• _The problem_: Set down each line of the data below exactly.
=====
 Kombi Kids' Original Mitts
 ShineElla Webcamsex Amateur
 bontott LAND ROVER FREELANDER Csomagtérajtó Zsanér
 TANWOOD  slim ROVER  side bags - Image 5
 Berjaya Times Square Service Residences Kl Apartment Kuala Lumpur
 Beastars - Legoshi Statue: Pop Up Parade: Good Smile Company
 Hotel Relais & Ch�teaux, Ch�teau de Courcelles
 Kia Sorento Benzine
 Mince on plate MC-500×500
=====
• _Exercise answer_:
 Kombi Kids' Original Mitts
 ShineElla Webcamsex Amateur
 bontott LAND ROVER FREELANDER Csomagtérajtó Zsanér
 TANWOOD  slim ROVER  side bags - Image 5
 Berjaya Times Square Service Residences Kl Apartment Kuala Lumpur
 Beastars - Legoshi Statue: Pop Up Parade: Good Smile Company
 Hotel Relais & Ch�teaux, Ch�teau de Courcelles
 Kia Sorento Benzine
 Mince on plate MC-500×500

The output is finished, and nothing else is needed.